Tips for Saving and Investing
When it comes to home ownership, there are a lot of factors that go into the decision. Some people choose to buy their first home as soon as they can, while others wait until they have more money saved up or get married. No matter what your situation is, buying a house offers many benefits and has become far easier in recent years due to the availability of online mortgage companies like Quicken Loans. In this blog post, we will discuss all of the steps you need to take before deciding on a house and how much money you will need for each step along with some tips for saving and investing! You should also check out these houses for sale in indianapolis and pick the best option.
Step #1: Decide whether or not you want to buy a house.
Step #2: If so, make sure that you have enough money saved up for the down payment by figuring out how much of a monthly mortgage payment is affordable for your budget and then subtracting this from your take home pay each month. A good rule of thumb is to aim for at least 20% of the total price in order to avoid being required to put more than 80% financing on top of it when purchasing a new property!

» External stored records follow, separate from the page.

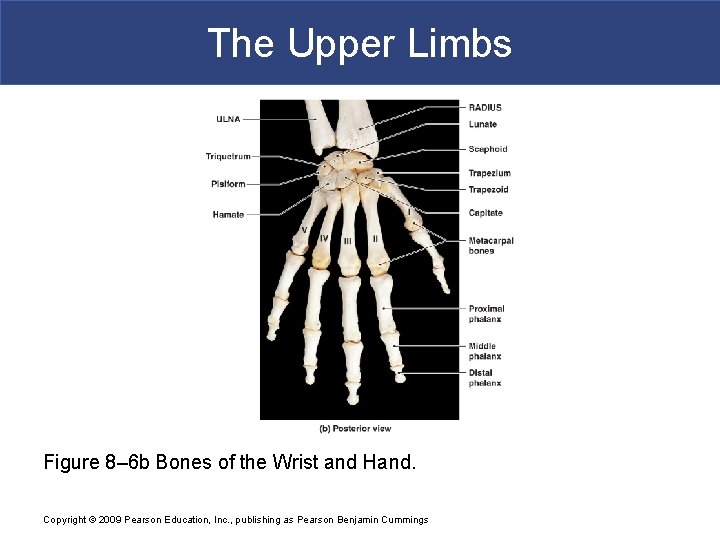 The Upper Limbs Figure 8– 6 b Bones of the Wrist and Hand. Copyright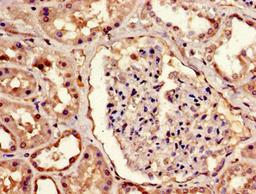 Immunohistochemistry of paraffin-embedded human kidney tissue using CSB-PA883444LA01HU at dilution of 1:100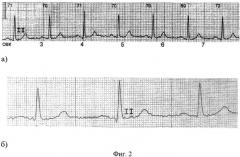 Способ диагностики внутрипредсердной блокады i степени у лиц молодого возраста с тахикардией (патент 2485882)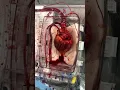 Download Lagu Donation after circulatory death (DCD) heart transplant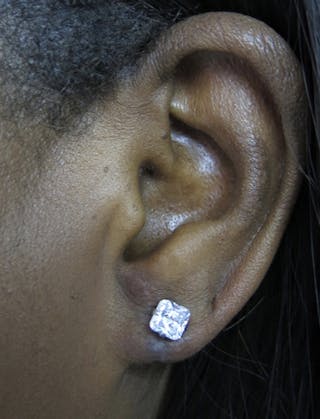 Ear Lobe Repair and Ear Reconstruction Before & After Gallery - Patient 122909113 - Image 4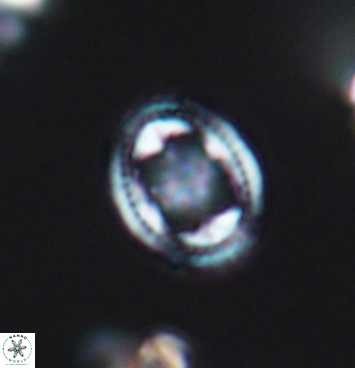 Axopodorhabdus albianus 11279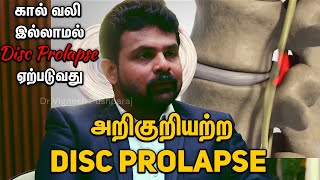 Disc Prolapse கால் வலி இல்லாமல்  Disc Prolapse ஏற்படுவது அறிகுறியற்ற வட்டு ப்ரோலாப்ஸ் எனப்படும்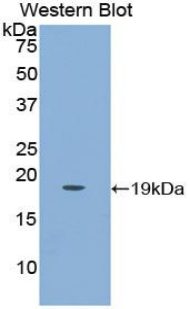 Polyclonal Antibody to Placenta Growth Factor (PLGF)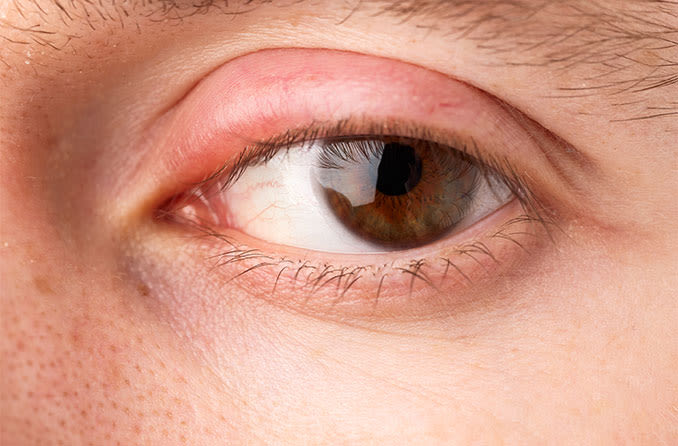 Slight Eyelid Swelling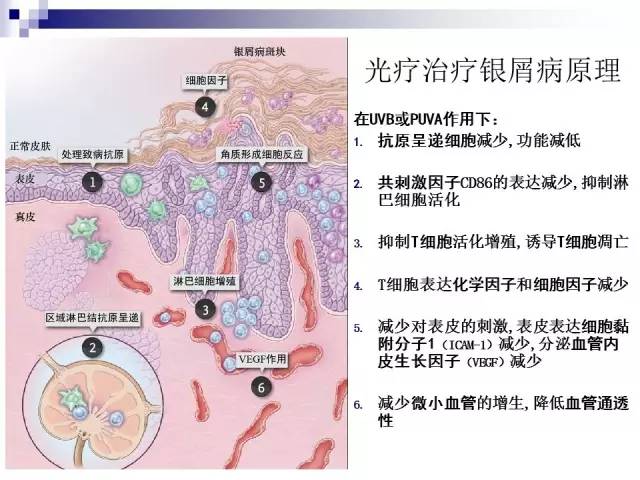 光疗治疗银屑病怎么样有副作用吗,脓疱型银屑病可以光疗吗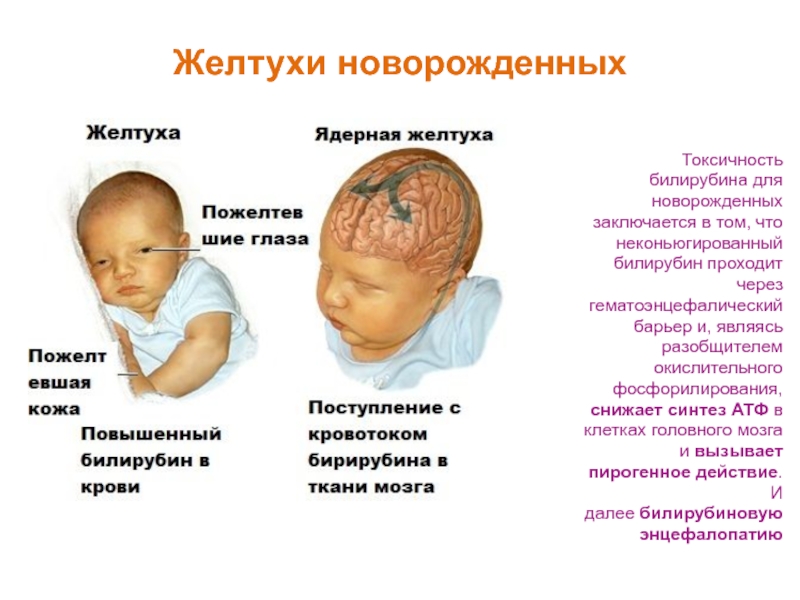 Желтуха у новорожденных: причины и все способы лечения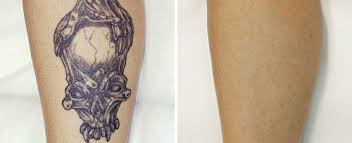 Today, laser tattoo removal is the most popular way to remove a tattoo. Tattoo Removal Fotona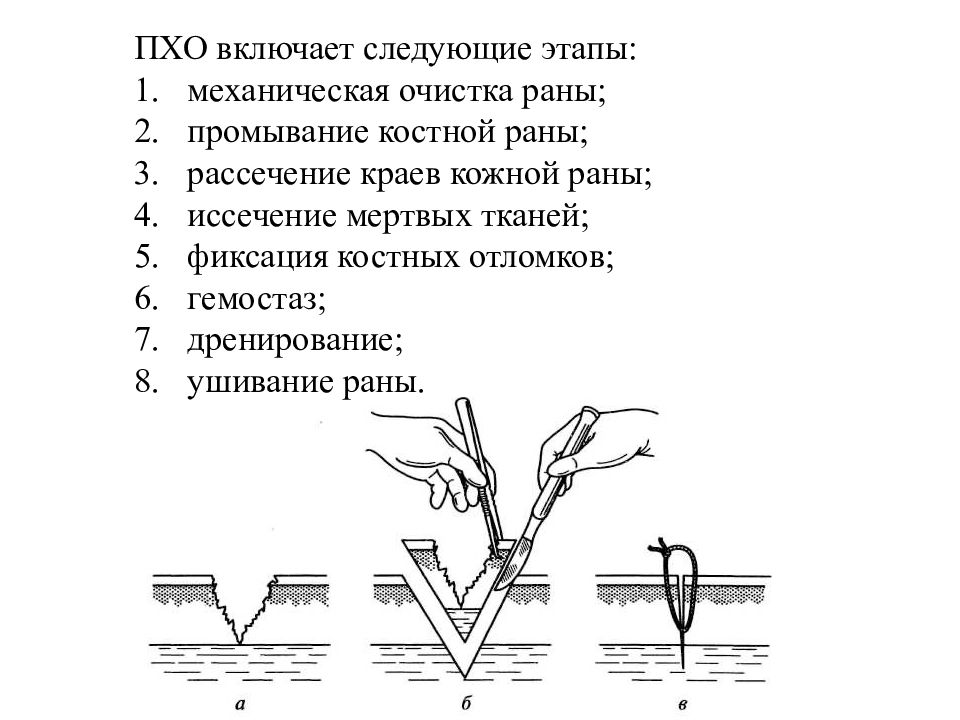 Пхо ран это. Первичная хирургическая обработка открытого перелома. Пхо открытого перелома. Этапы первичной хирургической обработки раны.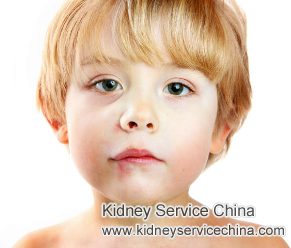 Big Amounts of Protein and Swelling in Face for Nephrotic Syndrome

*Tip – Consider saving with an unsecured high yield savings account if you are unable (or unwilling) to save any extra cash because these types allow interest rates higher than traditional checking or savings that are meant to to be used as a safety net.

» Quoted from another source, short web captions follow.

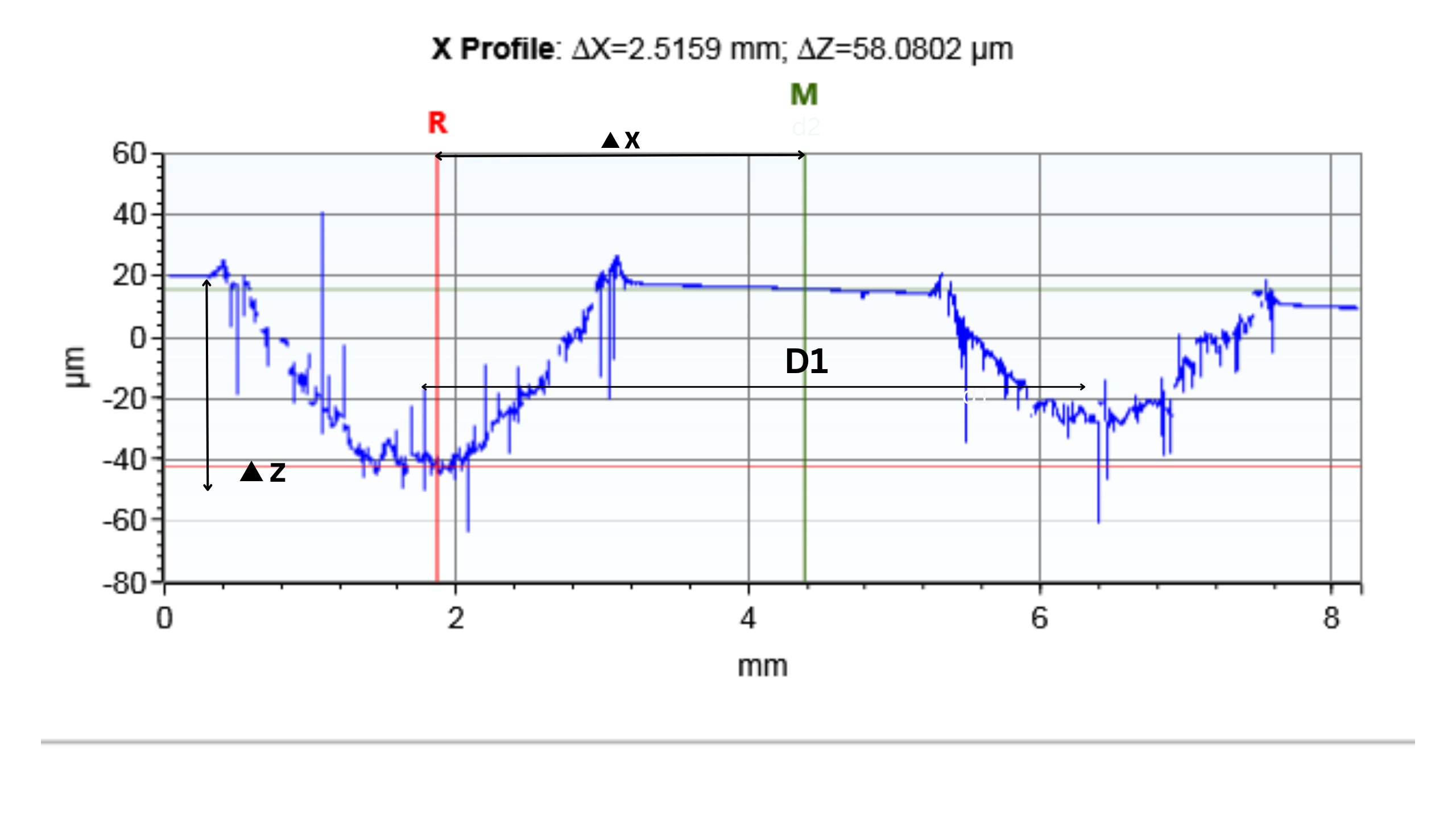 X Profile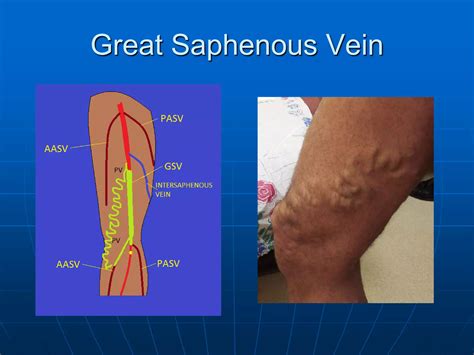 The Great Saphenous Vein | PDF
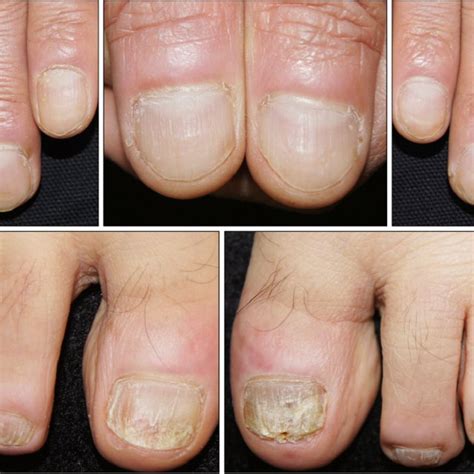 Improvement In Nail Psoriasis After The Fourth Injection Of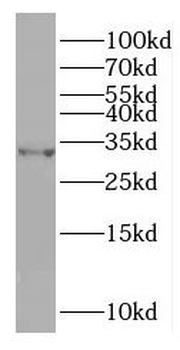 OCIAD1 Rabbit Polyclonal Antibody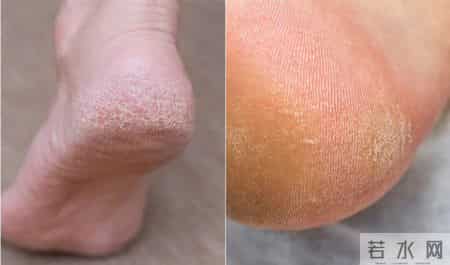 脚后跟干裂别硬扛，可能是身体在报警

Step #3: If not, you can still invest in other ways to create more wealth! Remember that investing is part of the process and doesn’t have to happen before or instead of buying your first house – it’s just an option for getting started on this journey.
*Tip – Consider opening up an individual retirement account (IRA), which has tax benefits even if you’re not saving yet! You’ll need $0 investment minimums and there are no penalties when withdrawing funds from these accounts once you hit age 59½.